The equivalant probability is the probability of reaching the desired point at least once within 6 steps. The only possibilities are first reaching the point in 4 steps and first reaching the point in 6 steps. There are \binom42*4^2 ways for reaching it in 4 step (with whatever directions for the rest two steps).

To reach in 4 steps, we must have exactly 2 UPs and 2 RIGHTs. To reach in 6 steps, we must additional two directions added, with the directions being opposites (UP & DOWN and LEFT & RIGHT are opposites). In reaching in 4 steps, each of the paths pass through 5 points, and we can have 5^2 ways to choose 2 of these with the first being inserted the additional direction d and the second being inserted -d, or the opposite, to offset it. However, in the case with both of them being the desired point (2,2), these 4\binom42 combinatios are included in the case of exactly 4 steps, and so we have to subtract them.

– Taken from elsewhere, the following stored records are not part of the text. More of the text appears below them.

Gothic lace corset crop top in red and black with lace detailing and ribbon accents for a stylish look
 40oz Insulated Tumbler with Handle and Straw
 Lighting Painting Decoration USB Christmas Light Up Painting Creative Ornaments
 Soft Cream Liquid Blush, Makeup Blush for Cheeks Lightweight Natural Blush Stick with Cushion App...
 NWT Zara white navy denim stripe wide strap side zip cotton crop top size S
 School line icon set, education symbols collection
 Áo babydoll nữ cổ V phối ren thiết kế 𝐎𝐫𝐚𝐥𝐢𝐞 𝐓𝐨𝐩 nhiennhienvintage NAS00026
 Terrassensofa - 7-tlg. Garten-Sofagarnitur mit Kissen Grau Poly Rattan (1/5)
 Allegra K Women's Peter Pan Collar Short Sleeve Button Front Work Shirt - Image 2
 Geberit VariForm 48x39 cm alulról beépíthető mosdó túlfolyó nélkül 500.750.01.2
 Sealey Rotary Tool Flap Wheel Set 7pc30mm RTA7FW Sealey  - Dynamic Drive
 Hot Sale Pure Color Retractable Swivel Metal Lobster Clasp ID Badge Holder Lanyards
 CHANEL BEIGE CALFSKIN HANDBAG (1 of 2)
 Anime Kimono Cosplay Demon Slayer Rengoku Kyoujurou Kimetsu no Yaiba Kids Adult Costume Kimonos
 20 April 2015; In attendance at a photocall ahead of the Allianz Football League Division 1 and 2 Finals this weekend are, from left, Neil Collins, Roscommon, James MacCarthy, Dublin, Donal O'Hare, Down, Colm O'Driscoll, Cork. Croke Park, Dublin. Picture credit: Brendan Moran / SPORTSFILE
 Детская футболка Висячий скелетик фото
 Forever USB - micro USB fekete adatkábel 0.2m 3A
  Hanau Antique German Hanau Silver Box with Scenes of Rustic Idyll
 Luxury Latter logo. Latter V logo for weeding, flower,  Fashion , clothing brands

Thus the desired probability is \frac{\binom42*4^2+\binom42*5^2*4-4\binom42}{4^6}=21/128

Is this correct? What is the desired solution (from whatever the source is)? Frankly it took me a while to figure out the case of first reaching the point in 6 steps.

If this is correct, here's the next problem (taken from the MIMC, but I believe the offered solution isn't rigorous enough):
On a road, we decide to give a name to each car that goes by, where a name consists of any set of letters. Each letter may only be used at most once. No two different cars may be given the same name. Two names which are merely permutations of each other are not considered different. Finally, each new name must have at least one leter in common with each of the names already given to cars before it. Let N be the number of cars it takes for us to run out of names. Find the number of digits of N.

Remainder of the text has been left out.